» **Task requirements**
Print only the lines from the one with "Saxx Vibe Xtra Brief Fly Boxerit 2 Yksiköt" through the end of the data, exactly, and please omit pictures.

» **Data shown**

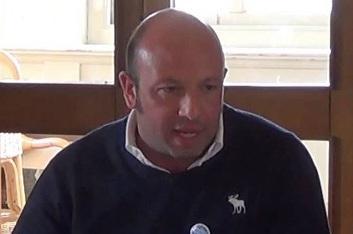 Ferrara, l'intervista a Florestano: «Sparare ai profughi? Era una battuta» 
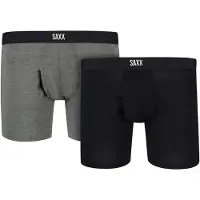 Saxx Vibe Xtra Brief Fly Boxerit 2 Yksiköt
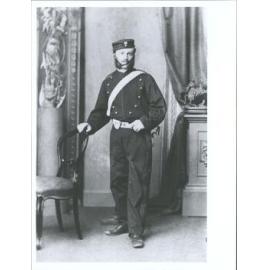 Orbell, Graham (brother of M.C. Orbell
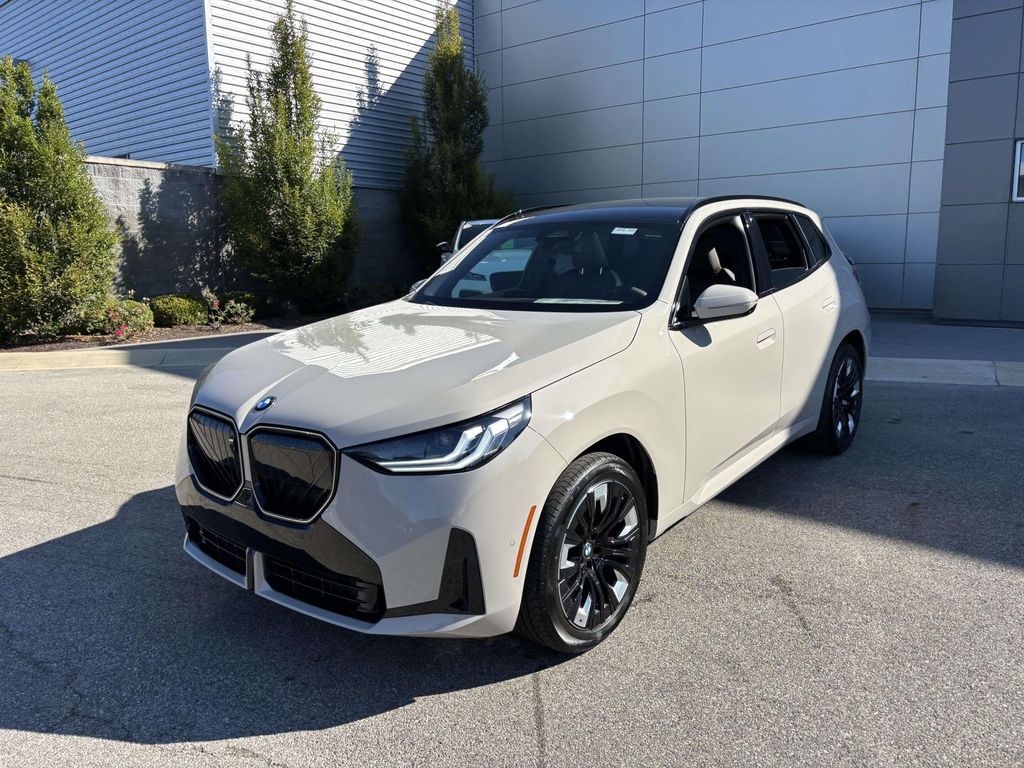 2026 Bmw X3 photo 2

» **Result of the exercise**
 Saxx Vibe Xtra Brief Fly Boxerit 2 Yksiköt
 Orbell, Graham (brother of M.C. Orbell
 2026 Bmw X3 photo 2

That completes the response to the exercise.